Sócrates. Ninguém estudou a sério as relações de Sócrates com os que o frequentaram, os que o adoraram – também os houve, não tenha dúvidas, amigo ouvinte – os que se fascinaram com ele, os que o detestaram. Por mim, acho que Sócrates é daquelas personalidades que pode nem ter existido para poder ter uma existência plena, eterna.
 
 
     Sócrates pode ser uma obra de Platão, uma dramaturgia de Platão para transmitir as ideias que lhe eram próprias sem pretender figurar-se como mestre procurado por discípulos.
 
 
 
Sócrates é – ou pode ser - uma figura, uma construção filosófica, uma ficção tão contraditória que ultrapassa todos os superlativos. Pode ser Lear, Hamlet, Macbeth, Agamemnon.
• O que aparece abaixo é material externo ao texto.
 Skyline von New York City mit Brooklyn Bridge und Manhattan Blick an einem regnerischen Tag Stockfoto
Orestes, Fausto, Ana Karenina, Klytemnestra, Falstaff, um dos que dispensam a realidade para serem mais reais do que qualquer um de nós, do que eu, que me julgo tão cheio de realidade.
 
                                                                                                         


 
Mas um homem é condenado à morte no ano de 399 a.C., um homem que falou palavras sábias que terão sido ou não as que Platão lhe atribuiu.
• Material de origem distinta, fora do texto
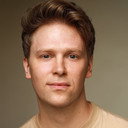 Joshua Tonks als News Anchor #1
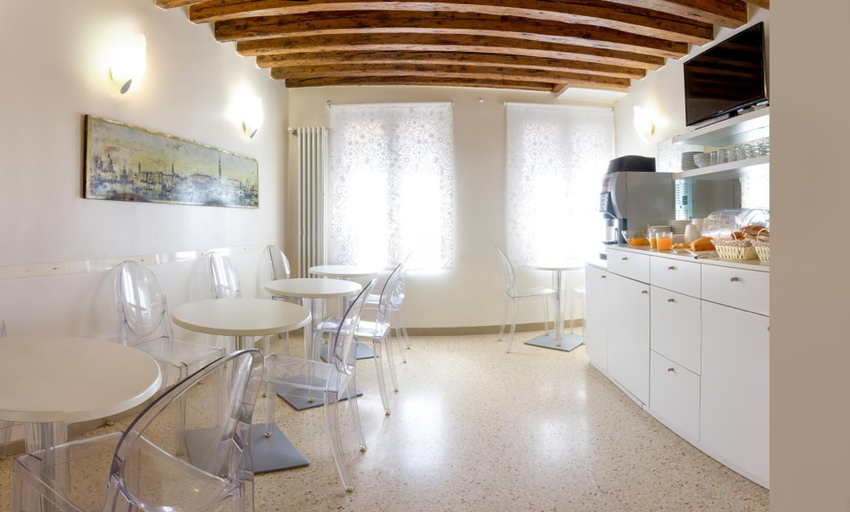 Others 5, Hotel Adriatico, Venezia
A ser real a figura e Sócrates, alguns o puseram em causa como moralista, como pedagogo, como intelectual, Aristófanes, um caso.
 
 
Mas na noite do Banquete, Alcibíades apresenta-se. Talvez esteja bêbedo. Talvez não. Mas está turbulento.
 
 
E se Sócrates pode não ser o Sócrates, Alcibíades pode ser Platão.
 
 
E Platão pode ver Sócrates como um homem velho e sólido, encharcado em vinho e todavia sóbrio, e lúcido; um homem imune às necessidades materiais; um homem que não conheceu o desejo.
 
 
Coisa de tal monta que, mais tarde, muitos dos doutores da Igreja o entenderão como o demónio mesmo em figura de gente.
 
 
Sócrates, de nariz arrebitado, cara borbulhenta, feio como uma noite de trovões e desajeitado, era senhor de extraordinário e natural poder de sedução, um carismático que fascinava quem dele se acercasse, como o discípulo que tão intensamente desejou o mestre. Alcibíades, que em desesperos tentará por seu turno seduzir o mestre quando este, acusado de arrogância, está a pontos de ser julgado.
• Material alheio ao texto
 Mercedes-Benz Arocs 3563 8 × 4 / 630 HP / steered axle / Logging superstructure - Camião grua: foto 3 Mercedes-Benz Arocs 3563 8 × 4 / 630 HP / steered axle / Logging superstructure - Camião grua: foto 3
(Que nem lhe passe pela cabeça de ninguém que o que estou a escrever seja fruto de alguma investigação minha, de alguma erudição minha, Deus me livre, é tudo devido às minhas leituras de George Steiner.)
 
 
Dizem então as crónicas que o belo Alcibíades passou uma noite em companhia do homem divino que é o objecto dos seus desejos carnais. Mas esse homem divino, Sócrates (cuidado, repito, cuidado com as confusões de nomes) trata Alcibíades com ironia, e demonstra-lhe um perfeito autodomínio, tratando-o como se fosse pai dele. E no entanto, se houve assunto em que Sócrates tenha meditado largamente foi sobre o eros, o transcendente e o libertino. O Sócrates platónico, quer-se dizer, a pensar na presença do amor no cerne do político como do indivíduo comum, harmonia e conflito entre o eros e as verdades finais. Um amor homoerótico. A paixão de um homem maduro por um adolescente – tudo o que um tribunal de hoje condenaria sem um piscar de olhos.
 
 
O Prof. Steiner menciona o casamento de Sócrates com Xantipa, um casamento desgraçado, e depois nota que aos mestres de filosofia pode convir, por vezes, livrarem-se das respectivas esposas, e chama à conversa o caso de Louis Althuser, o pensador marxista francês que assassinou a mulher.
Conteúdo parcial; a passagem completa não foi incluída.